Super TZ and TZ-X Chasses

I first encountered Tamiya Mini 4WD race cars in 1997 when I bought my first two kits from an Asian bazaar in Seattle: a Thunder Boomerang W10 and a Black Stalker (both Super TZ chasses). Although these were marketed as 1/32 scale cars, I read that they were actually 1/30 scale. I built the Thunder Boomerang, installed a Hyper Dash motor in it, played with it a few times, noticed how fast it was, and then stored it in its box until 2021, almost 24 years later. The batteries were still in the car. Not surprisingly, it didn't turn on. I changed the batteries, the car moved a couple of feet, and then stopped. What was going on? I changed the motor and it did the same thing, moving a couple of feet and then stopping. Picking up the car, the wheels spun fast and made a high-pitched sound. It sounded normal to me, but I didn't have much to compare.
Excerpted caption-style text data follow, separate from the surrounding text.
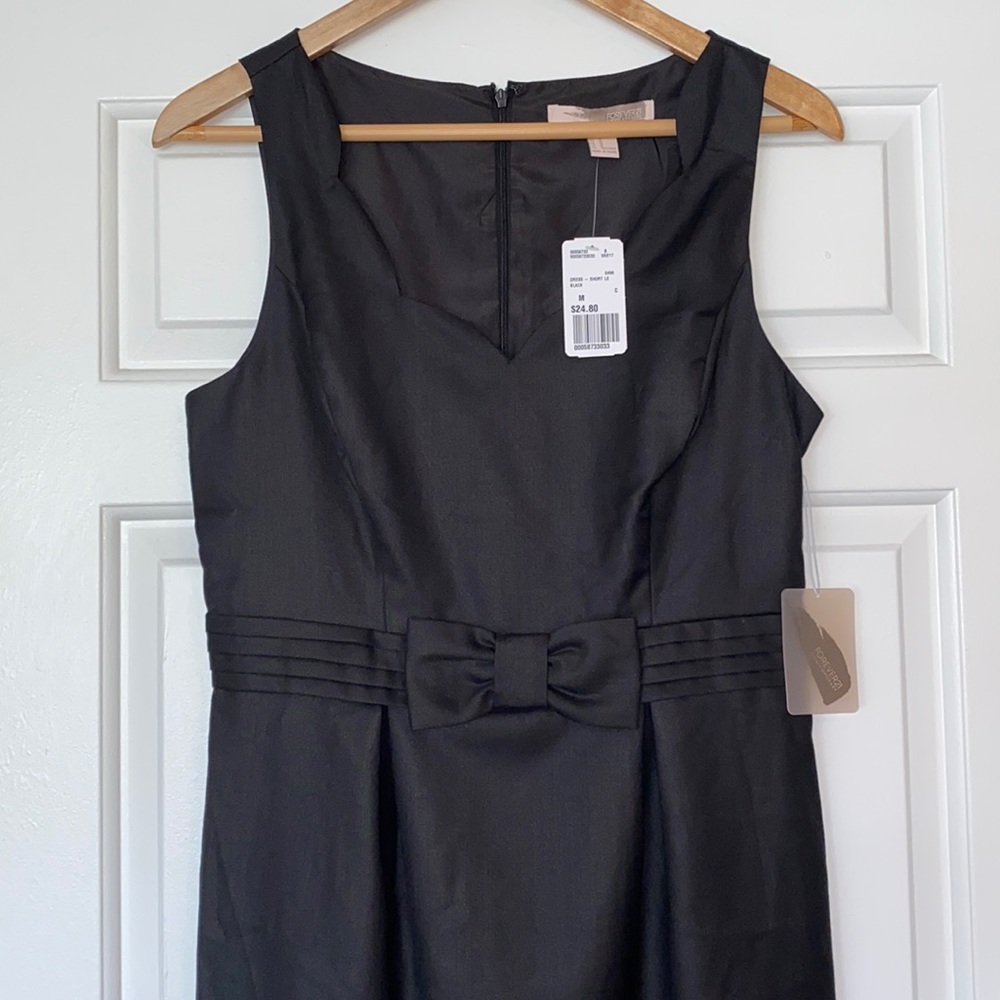 2/$10 Forever 21 scalloped/bow LBD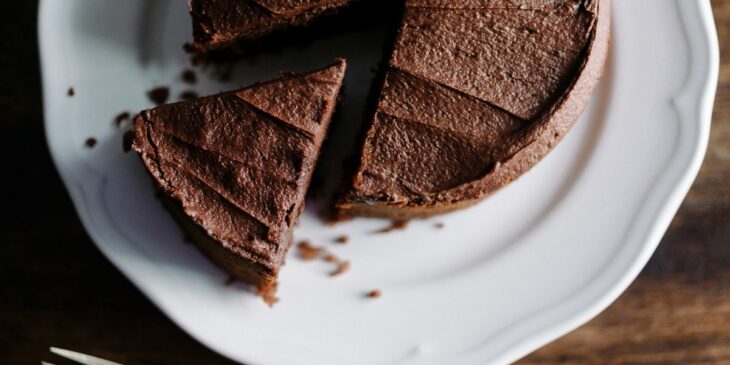 Bolo de chocolate sem açúcar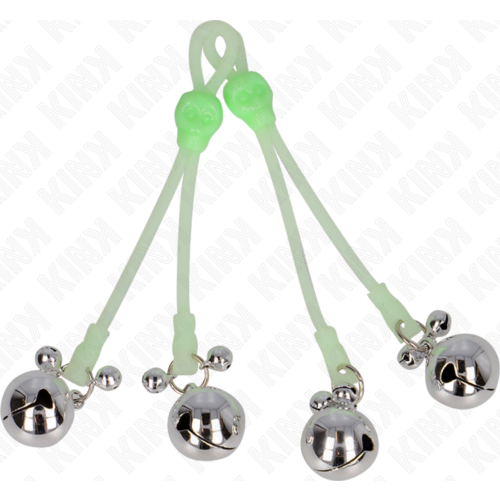 Pezoncsipesz KINK KINK NIPPLE GRIP audió csengővel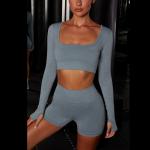 XS-5XL Long Sleeve Fitness Crop Top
Little did I know, this little cog-like part at the end of the motor axle - the pinion - was at the very core of my woes. Notice the crack in the gear that shows up when I enlarge the photo? The actual size of the pinion is less than 5mm. The motor was spinning, but the pinion didn't turn much because it wasn't gripping the axle!

Replacing the pinion was easy and inexpensive. I bought a pack of carbon reinforced 8T pinion gears for $1.80. The car now runs fine, although a bit slow, even with a Hyper-Dash motor. There's nothing wrong with the motor because I installed it in an Aero Avante and there are no issues with speed. My Thunder Boomerang wasn't very sturdy as parts would fly off upon impact. I learned that I could replace the chassis with a new version of it, the Super TZ-X. Many Mini 4WD racers love this classic style design and seek out these long-lost cars. Unfortunately, it's not very easy to upgrade these classic chasses as the body or parts may need to be cut or modified to work with it. My practice run with it yielded unfortunate results. The car blew up on the track. Instead of retiring it a life on a bookshelf, I upgraded everything on it.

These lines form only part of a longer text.